Nuestro planeta, con sus polos magnéticos, actúa como un inmenso imán, y los campos magnéticos son omnipresentes en la vecindad galáctica. Cuando una partícula cargada atraviesa estos campos, su trayectoria se desvía, siendo más pronunciada a menor velocidad.
Al intentar utilizar la secuencia en la que los diferentes tanques detectan partículas para determinar la dirección de origen de la partícula original, nos enfrentamos a la complejidad de la sinuosa trayectoria impuesta por los campos magnéticos. A menos que la energía de la partícula incidente sea tan colosal que el efecto de estos campos resulte insignificante.
Después de dos décadas explorando los cielos, el Observatorio Pierre Auger ha logrado afirmar de manera concluyente que estos rayos cósmicos de máxima energía provienen de otras galaxias. Como mensajeros del cosmos, atraviesan distancias astronómicas antes de encontrarse con la densidad de nuestra atmósfera, liberando toda su energía sobre la superficie terrestre como un aspersor fluorescente.

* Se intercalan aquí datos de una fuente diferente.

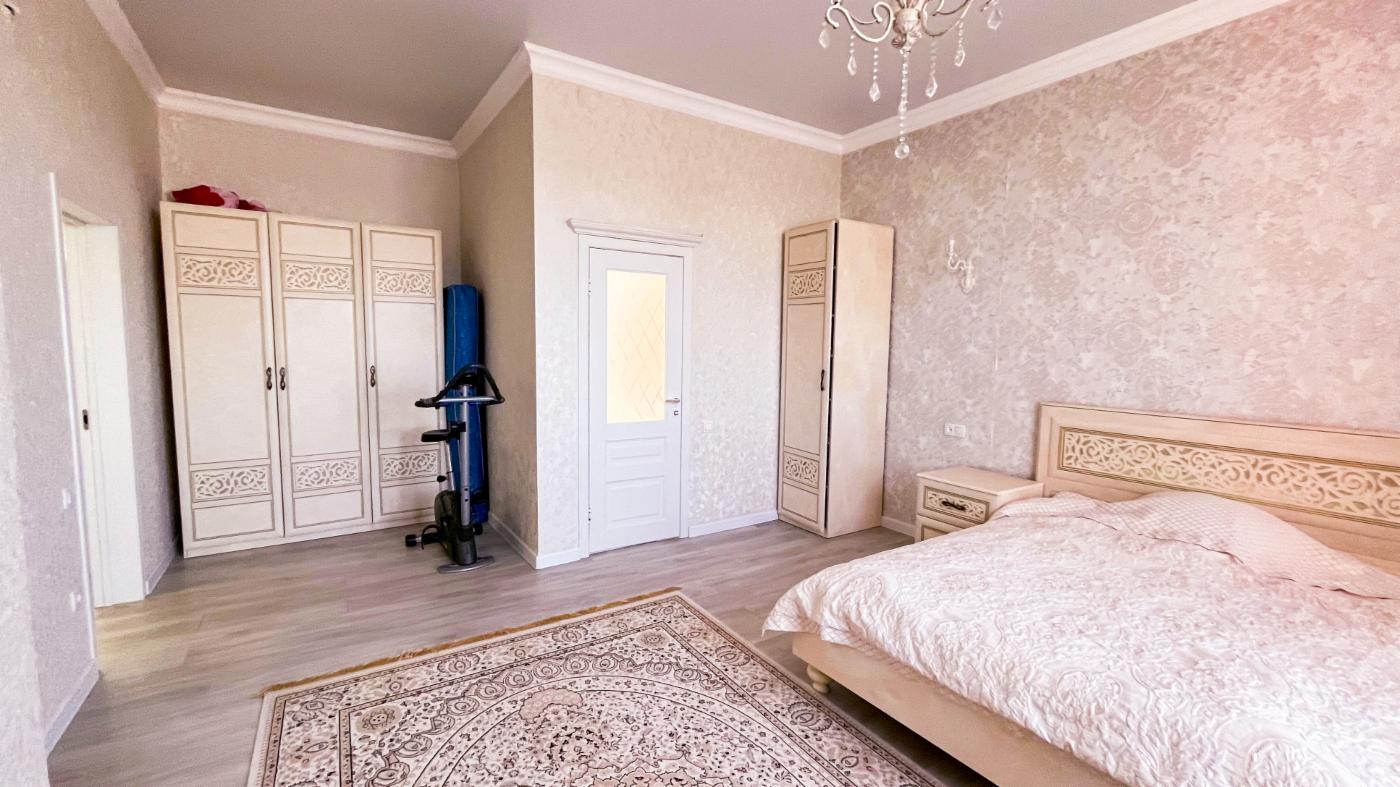 4-комнантная квартира, 190.0 м²,Каратал за 85 000 000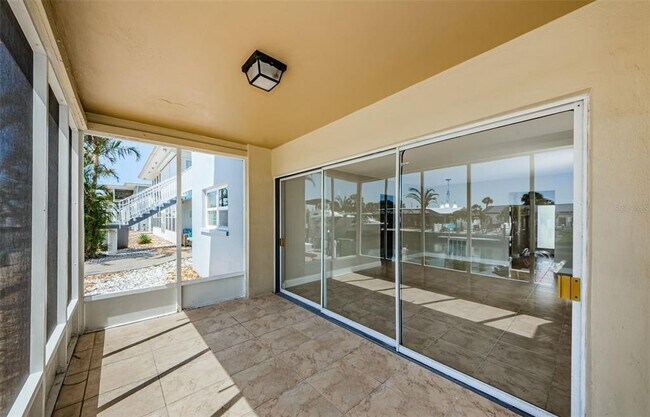 Building Photo - 2186 Edythe Dr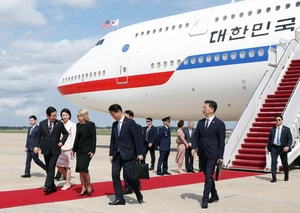 [한미 정상회담] 李대통령, 워싱턴 도착… 오늘 밤 ‘운명의 정상회담’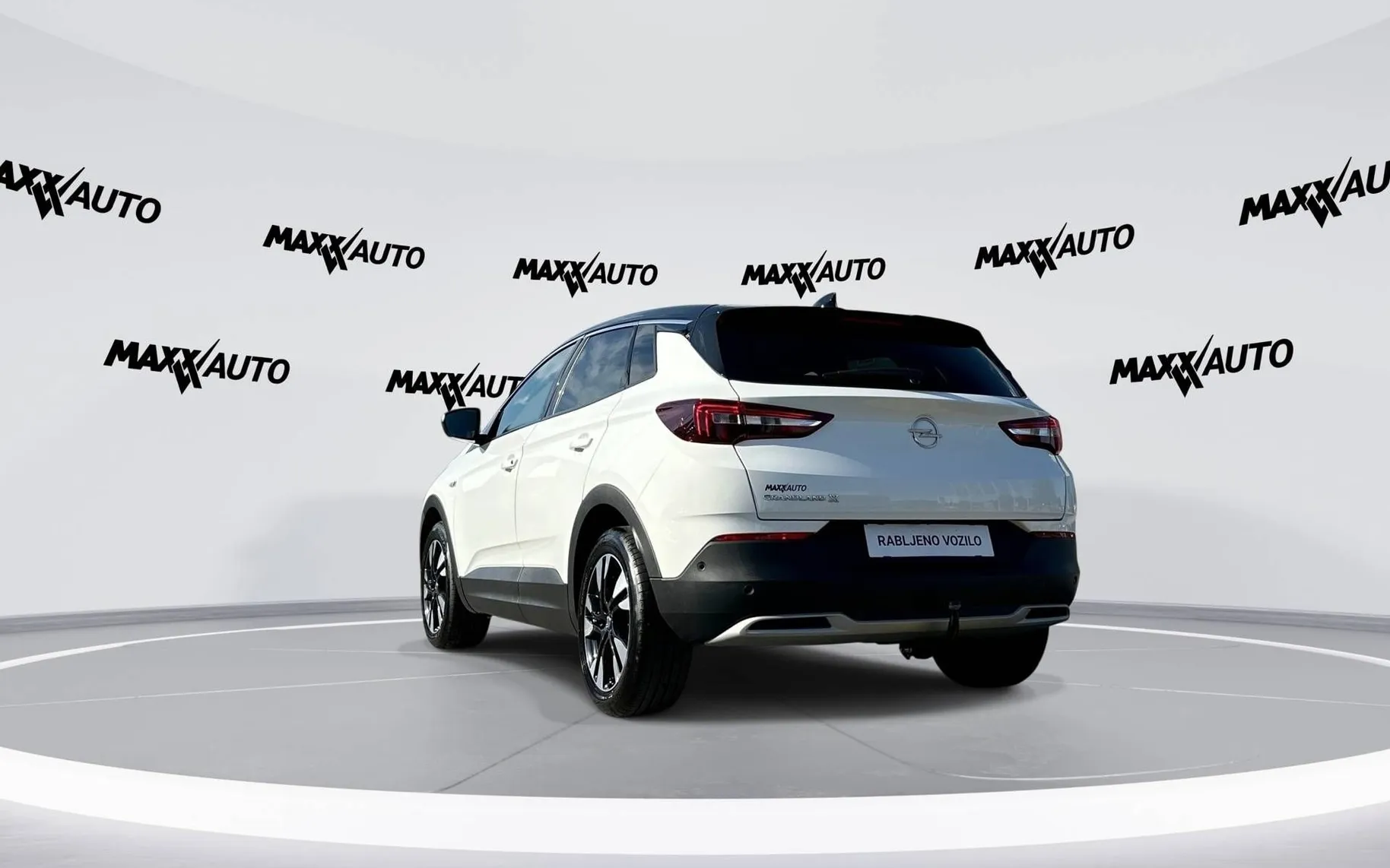 Notranja slika - Opel Grandland X - 1.5 CDTI Selection Start Stop - 7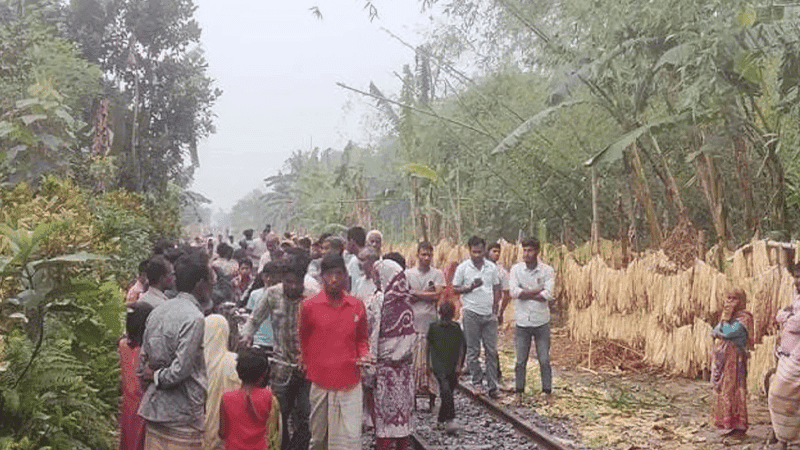 Old man killed after sleeping on railway track in Lalmonirhat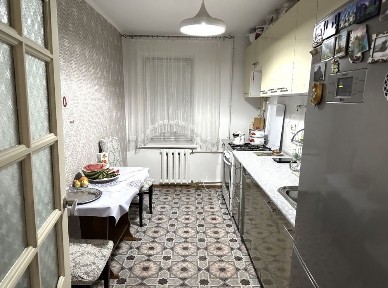 СРОЧНО ЕСТЬ ТОРГ. продам 3 ком/квартиру, на 3- этаже. По бр. Жубановых 6.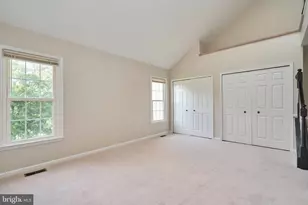 6319 Mary Todd Ct, Centreville, VA 20121 - Photo 15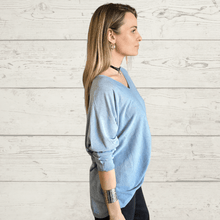 Cargar imagen en el visor de la galería, Sweater Italiano delgado, color Celeste
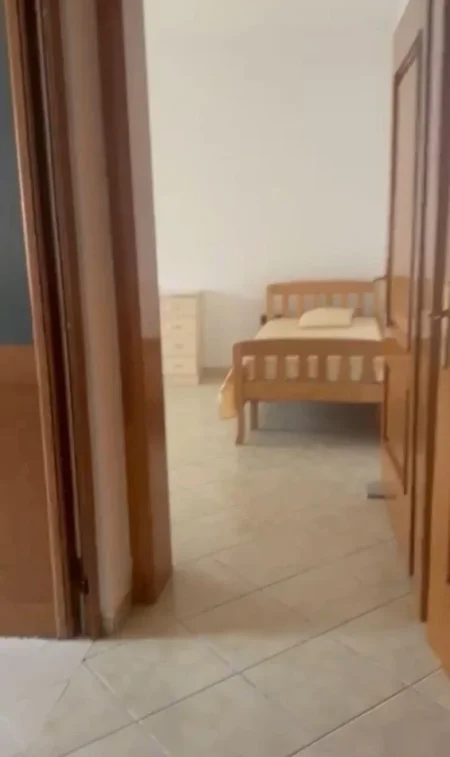 Tirane, jepet me qera apartament 1+1+Ballkon Kati 2, 60 m² 400 € (rruga siri kodra prane hotel meridian)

Algunos ejemplos de rayos cósmicos
Los científicos en los últimos años han logrado comprobar la existencia de diferentes partículas en el campo de la física con cada nuevo descubrimiento. La famosa “Partícula de Dios”, también conocida como el bosón de Higgs, es una de ellas. Otra es la partícula llamada “¡Dios mío!”, que es un rayo cósmico inimaginablemente energético.
Ahora, investigadores japoneses han descubierto una partícula de altísima energía cayendo a la Tierra llamada “Amaterasu” en honor a Amaterasu Ōmikami, la diosa del sol y el universo en la mitología japonesa, cuyo nombre significa “brillando en el cielo”.